In the beginning the universe consisted only of the sky above, the water and wild marshland below. Olorun, the god who possessed the most power and the greatest knowledge, ruled the sky, while the goddess Olokun ruled the endless waters and wild marshes. Olokun was contented with her kingdom, even though it contained neither vegetation, animals or human beings.
However, there is a young god known as Obatala who was not satisfied. As he looked down from the sky, he said to himself, "The world below needs something of interest! Everything is water-soaked, and not one living thing enlivens the area! I must talk with Olorun and see what can be done to improve the situation." Obatala said to Olorun, "Poor Olokun rules nothing but marshland, mist, and water! What she needs in her kingdom are mountains and valleys, forests and fields. All kinds of creatures and plants could live on that solid land."
Olorun granted Obatala request to create the universe(solid lands). So Obatala went to the house of Orunmila, the oldest son of Olorun, who had the gift of prophecy. Orunmila understood the secrets of existence, including fate and the future. Obatala said to Orunmila, "Your father has given me permission to create solid land where now nothing exists except endless water and wild marshland. With your superior knowledge, you can teach me how to begin my project.

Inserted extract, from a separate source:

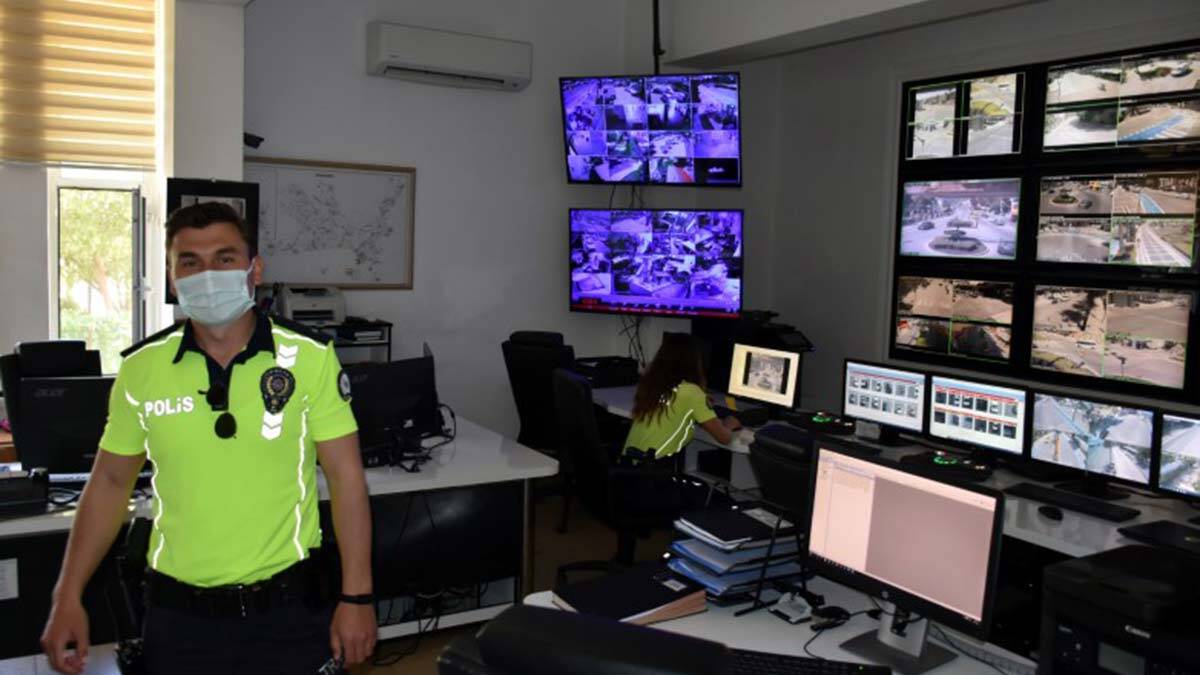 Marmaris 223 kamera ve dronla izleniyor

I want to populate the earth with living beings who will be able to raise crops and build villages."
Orunmila replied, "First, Obatala, you must acquire a chain of gold long enough to reach from the sky above to the waters below. Then you must fill a snail's shell with sand. Finally, you must place that shell, a white hen, a black cat, and a palm nut in a bag and carry them with you as you climb down the chain to the wild marshland. That is how I advise you to begin your project."

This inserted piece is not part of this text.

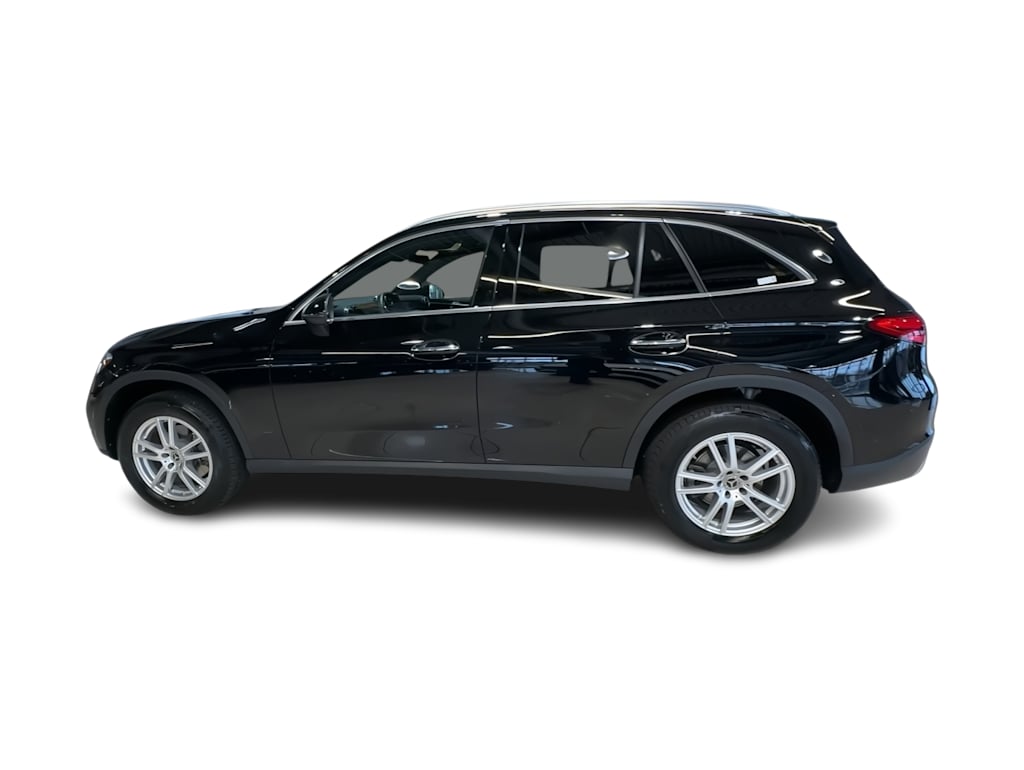 Thumbnail: 2023 Mercedes-Benz GLC - 21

So there was a need for a chain, Obatala approached a goldsmith who said, to him, "I will make you a chain of the length you need if you can get the gold, I will create the chain, I do not think you will find enough gold in the sky, but ask each of the gods for whatever gold he or she possesses, and you may succeed. I wish you well!" Obatala approached the gods one by one. To each god he said, "I plan to create solid land where now there is nothing except water and wild marshland. Then I will create all sorts of plants and creatures to live on that land. Before I can begin, I need the goldsmith to make me a chain that will stretch from the sky above to the waters below. Will you contribute whatever gold you possess?" The gods were sympathetic to Obatala's cause. They gave him their gold: necklaces, bracelets, rings, and even gold dust. The goldsmith examined the gold Obatala had collected and said, "Can you not find more gold? This will not be enough!" "It is the best I can do," Obatala replied. "I have asked every god in the sky, and each has given me whatever he or she owned. Make as long a chain as you can, with a hook at one end."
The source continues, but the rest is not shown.